I dati parlano chiaro: nel 1998, in Italia, si spendeva in Information technology (It) l’1,5 per cento del valore del Pil, a fronte di una media europea del 2,3 per cento; nel 2007 la spesa è stata pari all’1,7 per cento del Pil, vale a dire dopo dieci anni gli investimenti It sono aumentati di soli due decimi di punto percentuale, mentre la spesa media europea è cresciuta di 5 decimi di punto percentuale. Ma se si guardano più da vicino i paesi più avanzati si scopre, per esempio, che per la Francia questi dieci anni hanno portato un aumento degli investimenti It di 8 decimi di punto percentuale, fino a rappresentare oggi una quota del Pil pari al 3,1 per cento, per la Gran Bretagna 6 decimi di punto in più significano che oggi si spende in It il 3,5 per cento del valore del Pil, e per la Germania 5 decimi di punto in più portano gli investimenti It al 2,9 per cento del valore del Pil. Ecco quindi che, in questo decennio, il gap d’innovazione dell’Italia rispetto ai competitor si è decisamente ampliato.

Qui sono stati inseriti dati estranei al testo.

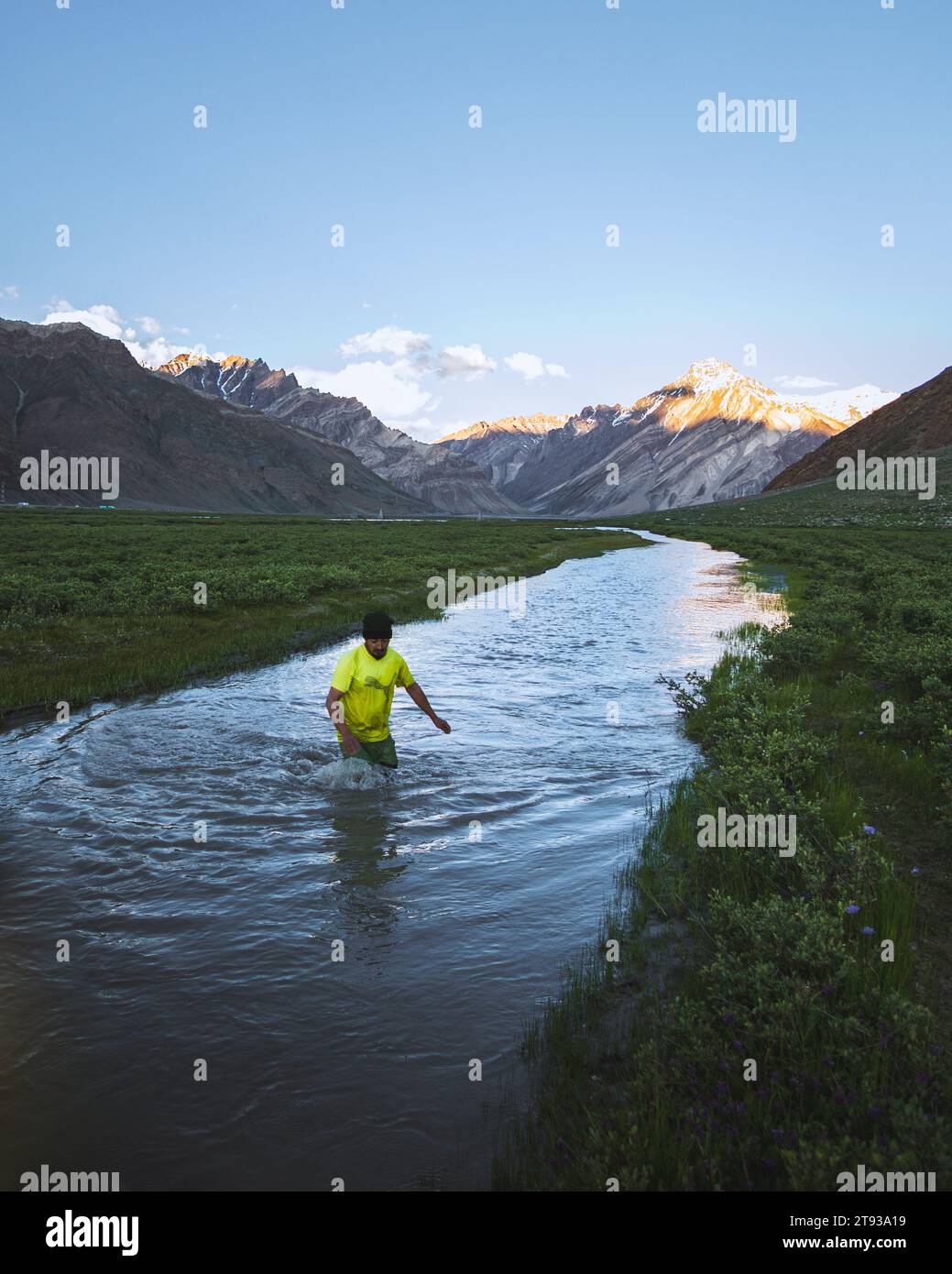 Ein paar Teenager, die versuchen, Fische in einem Bach mitten auf der Wiese zu fangen Stockfoto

“E chi in questi anni ha investito di più in tecnologie informatiche ha ottenuto anche importanti ritorni sulla produttività”, ha spiegato Ennio Lucarelli presidente dell’Associazione italiana dell’Information Technology in occasione della presentazione del Rapporto annuale. Tra il 2000 e il 2007, per Francia, Germania, Usa e Gran Bretagna la produttività è aumentata fra il 7 e il 14 per cento, sostenuta da una crescita cumulata degli investimenti It altrettanto elevata, con tassi dell’ordine tra il 16 e il 38 per cento. Nello stesso periodo la media europea di crescita della produttività è stato dell’8 per cento, quella della spesa It intorno al 30 per cento; mentre in Italia l’aumento della produttività non è riuscito a superare il 2 per cento, a fronte di una crescita cumulata degli investimenti It poco sopra il 5 per cento.

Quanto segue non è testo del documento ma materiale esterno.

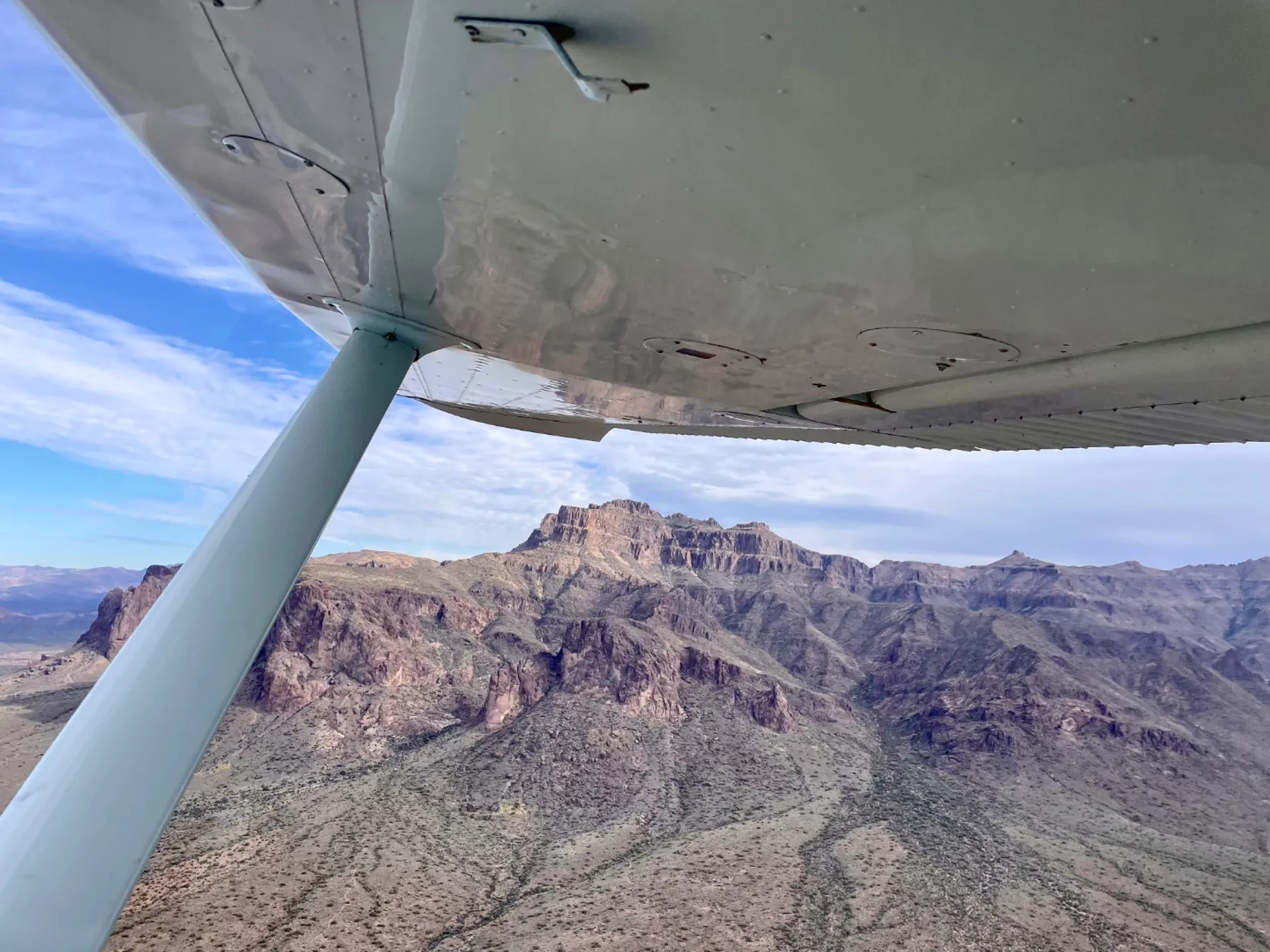 Mountains seen from a flying airplane slightly obstructed by the plane's wing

Il Rapporto fotografa anche l’atteggiamento degli italiani di fronte alle applicazioni avanzate di Internet: nella Pubblica amministrazione l’utilizzo dei servizi online è al 17 per cento a fronte di una media europea del 30 per cento, e con un gradimento dei cittadini in diminuzione. Non molto meglio il quadro dei servizi di mercato: l’Internet banking è utilizzato dal 12 per cento della popolazione italiana rispetto al 25 per cento della media europea, l’e-commerce sviluppa il 2 per cento del totale delle vendite al dettaglio, mentre la media europea viaggia a quota 11 per cento. In Italia poi il 56 per cento della popolazione non usa Internet, mentre la media europea è del 40 per cento. A fare da contrappeso a questo dato, quello della quota di popolazione con elevate capacità di utilizzare Internet: il 9 per cento, sopra la media europea (8%).
A trainare il mercato Ict è l’informatica, che precede quello delle telecomunicazioni, anche quest’anno in ristagno: nel 2007 il mercato italiano ha raggiunto i 20.190 milioni di euro in crescita del 2 per cento sull’anno prima. In questo scenario a investire di più sembrano essere i consumatori: la domanda delle famiglie è cresciuta del 10,5 per cento, raggiungendo una quota di mercato complessiva del 5,2 per cento. Dal 2005 al 2007, la penetrazione del cellulare nelle famiglie italiane è infatti passata dall’80,8 all’ 85,5 per cento, quella del Pc dal 43,9 al 47,8 per cento e quella di Internet dal 34,5 al 38,8 per cento. Un dinamismo a cui non corrispondono investimenti da parte dello Stato e della Pubblica amministrazione. (l.g.)